There are two places on the Amherst College campus I have never been to but would give my eyeteeth to visit someday: the tower of Johnson Chapel and the 4th floor southwest corner of South College. The Johnson Chapel thing is easily explained: the building is the most iconic structure on campus, and its bell tower affords the finest views of the college and the surrounding town of Amherst. South College, its next-door neighbor, is less obvious. Aside from this dormitory being the first structure built on the campus (1820), its 4th floor, southwest corner room is said to have been the site of a number of important (or infamous) occurrences.
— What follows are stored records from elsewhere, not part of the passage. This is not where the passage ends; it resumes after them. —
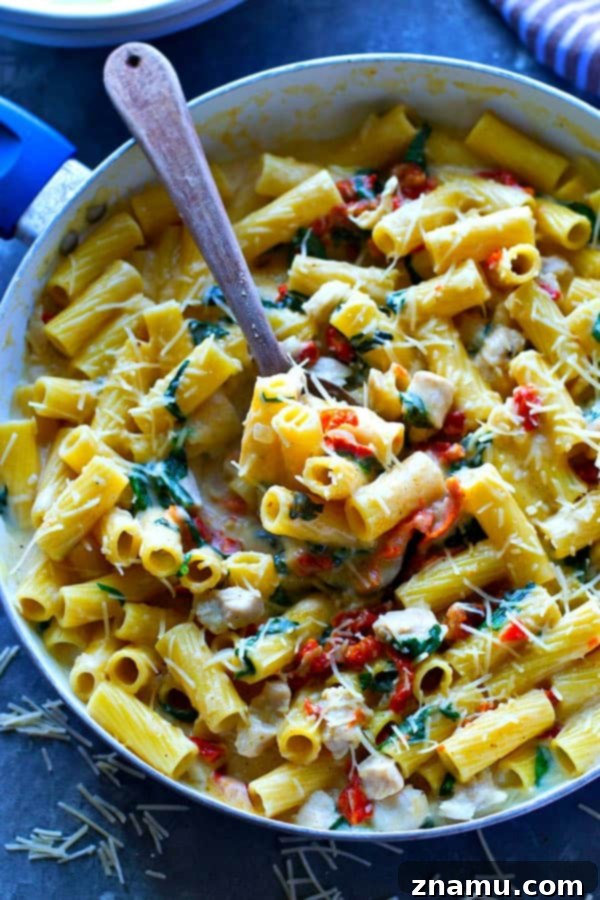 Tuscan Chicken Alfredo with Sun-Dried Tomatoes and Spinach 5 A serving of One-Pot Sun-Dried Tomato Spinach Chicken Pasta Alfredo in a bowl, garnished with fresh parsley and grated Parmesan cheese.
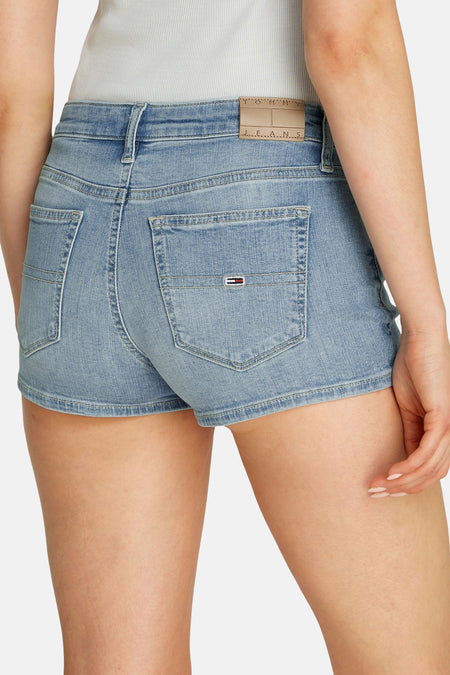 Short en denim bleu clair de TOMMY JEANS, avec des poches arrière et une étiquette en cuir beige.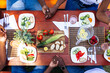 © Gerald Carter/Creative Flame - Overhead view of family praying together before farm to table meal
George Cutting’s Student Life at Amherst College (1871) informs us that in the early years of the college, the 4th floor, southwest corner room of South (officially, no. 30, South College) earned the name “Ultima Thule.” I had to look that phrase up. “Ultima Thule” generally refers to any furthermost place, the remotest possible location; in medieval maps, it often referred to Greenland or any other quasi-mystical place that lay beyond the boundaries of any map. Therefore, on the Amherst campus, “Ultima Thule” was an out-of-the-way, forbidding place — a place desired by many but possessed by few. It is possible to imagine that at one time, 30 South College fit that description. (I often wonder how the current inhabitants of that room feel about it.)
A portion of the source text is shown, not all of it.